■ Task requirements
The reply should contain every entry exactly as given, with no pictures in it.

Image-text web data
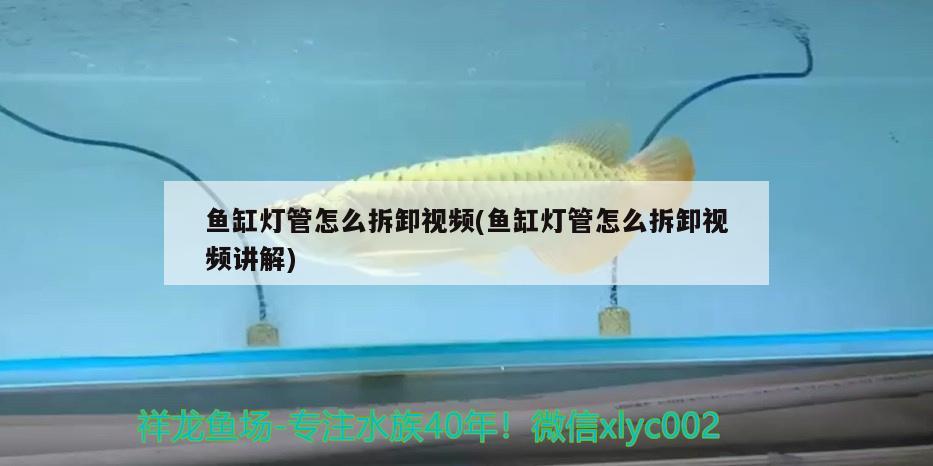 魚缸燈管怎么拆卸視頻(魚缸燈管怎么拆卸視頻講解)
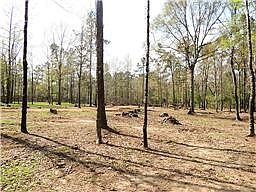 4th image of 633 Ira Denson Rd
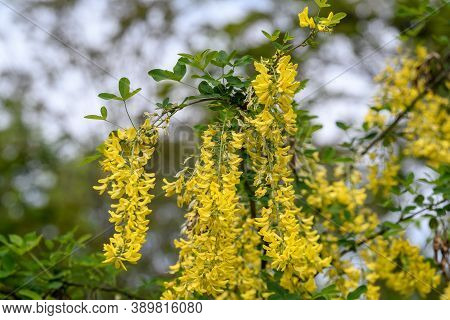 Tree With Yellow Flowers Of Laburnum Anagyroides, The Common Laburnum, Golden Chain Or Golden Rain, 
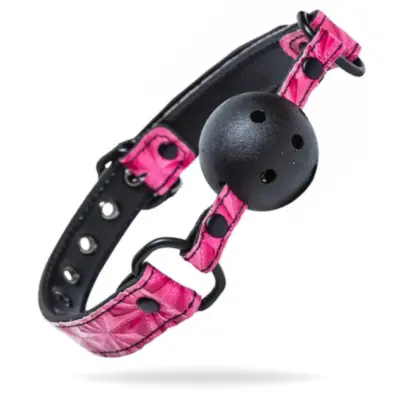 Sinful Ball Gag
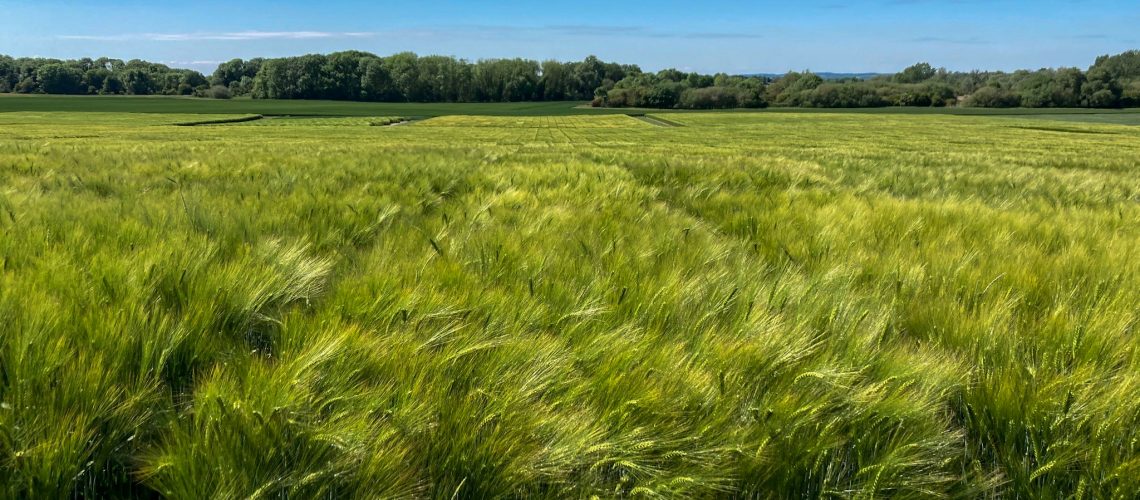 Barley-3-2.jpg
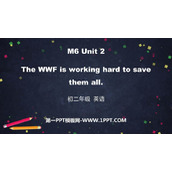 《The WWF is working hard to save them all》Animals in danger PPT优秀课件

■ Response area
 魚缸燈管怎么拆卸視頻(魚缸燈管怎么拆卸視頻講解)
 4th image of 633 Ira Denson Rd
 Tree With Yellow Flowers Of Laburnum Anagyroides, The Common Laburnum, Golden Chain Or Golden Rain, 
 Sinful Ball Gag
 Barley-3-2.jpg
 《The WWF is working hard to save them all》Animals in danger PPT优秀课件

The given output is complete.